One of Bond's most enduring legacies is the Southern Poverty Law Center (SPLC), a legal nonprofit that has been fighting hate groups, racism, and inequality since its founding in 1971.

Along with Morris Dees and Joseph Levin, Jr., Bond helped found the Southern Poverty Law Center in Montgomery, Alabama and was named the SPLC's first president in 1971. Bond served as president until 1979 and remained a board member and president emeritus for the rest of his life. Dees eulogized Bond, saying, "Not only has the country lost a hero today, we've lost a great friend."

During his time as president, the SPLC successfully sued the Montgomery YMCA for discrimination and filed the first of many cases against the Ku Klux Klan. Currently, the SPLC has augmented its campaigns against hate groups to other civil rights issues like segregation and discrimination based on sexual orientation.

Bond served as a Georgia State Representative from 1967 to 1974, and as a State Senator from 1975 to 1987, during which time he was continually fighting for the legitimacy of his seat. After the Georgia House voted not to seat him in 1966, he had to take his case, which he won, all the way to the Supreme Court.

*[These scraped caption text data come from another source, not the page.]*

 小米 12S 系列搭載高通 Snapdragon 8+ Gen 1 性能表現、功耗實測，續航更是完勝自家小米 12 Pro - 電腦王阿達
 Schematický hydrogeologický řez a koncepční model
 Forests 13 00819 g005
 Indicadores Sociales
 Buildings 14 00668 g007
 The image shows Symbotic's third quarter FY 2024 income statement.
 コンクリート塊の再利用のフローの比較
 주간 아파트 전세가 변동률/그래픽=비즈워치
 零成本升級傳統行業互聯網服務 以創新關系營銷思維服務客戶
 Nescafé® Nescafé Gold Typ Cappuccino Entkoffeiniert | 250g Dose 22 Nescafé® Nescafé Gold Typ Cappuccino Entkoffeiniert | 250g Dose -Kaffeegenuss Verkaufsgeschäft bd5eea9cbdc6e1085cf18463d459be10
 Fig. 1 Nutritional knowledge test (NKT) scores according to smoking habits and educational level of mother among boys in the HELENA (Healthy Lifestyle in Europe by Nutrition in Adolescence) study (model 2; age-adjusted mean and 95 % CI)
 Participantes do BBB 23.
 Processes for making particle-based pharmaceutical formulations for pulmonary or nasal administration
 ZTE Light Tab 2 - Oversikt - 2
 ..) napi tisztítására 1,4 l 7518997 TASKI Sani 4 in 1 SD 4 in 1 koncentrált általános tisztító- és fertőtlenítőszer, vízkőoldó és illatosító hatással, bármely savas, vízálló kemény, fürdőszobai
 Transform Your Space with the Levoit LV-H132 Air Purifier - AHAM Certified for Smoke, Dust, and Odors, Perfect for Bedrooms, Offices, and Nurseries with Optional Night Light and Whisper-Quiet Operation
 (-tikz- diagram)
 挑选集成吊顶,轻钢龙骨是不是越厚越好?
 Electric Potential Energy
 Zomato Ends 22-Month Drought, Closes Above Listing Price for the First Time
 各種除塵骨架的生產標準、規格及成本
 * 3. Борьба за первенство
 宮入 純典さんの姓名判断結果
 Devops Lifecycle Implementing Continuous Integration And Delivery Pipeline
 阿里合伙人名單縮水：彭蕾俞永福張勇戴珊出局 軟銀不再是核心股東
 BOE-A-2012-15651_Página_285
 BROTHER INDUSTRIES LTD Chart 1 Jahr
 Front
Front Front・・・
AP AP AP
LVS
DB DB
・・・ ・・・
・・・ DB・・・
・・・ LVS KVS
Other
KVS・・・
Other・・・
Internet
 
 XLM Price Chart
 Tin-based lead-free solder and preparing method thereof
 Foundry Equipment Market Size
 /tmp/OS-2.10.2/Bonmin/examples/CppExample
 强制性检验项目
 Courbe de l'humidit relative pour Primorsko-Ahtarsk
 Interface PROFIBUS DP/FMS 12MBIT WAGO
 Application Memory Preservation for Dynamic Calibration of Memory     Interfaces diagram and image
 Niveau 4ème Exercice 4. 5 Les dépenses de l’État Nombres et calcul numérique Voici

Bond taught at several colleges and universities, including Harvard and the University of Virginia. He also received some 25 honorary degrees, among them an LL.D. Doctor of Laws degree from Bates College. Later in life, Bond was an outspoken supporter of gay civil rights, publicly supporting same-sex marriage.

Bond died at his home in Fort Walton Beach, Florida, from complications of vascular disease.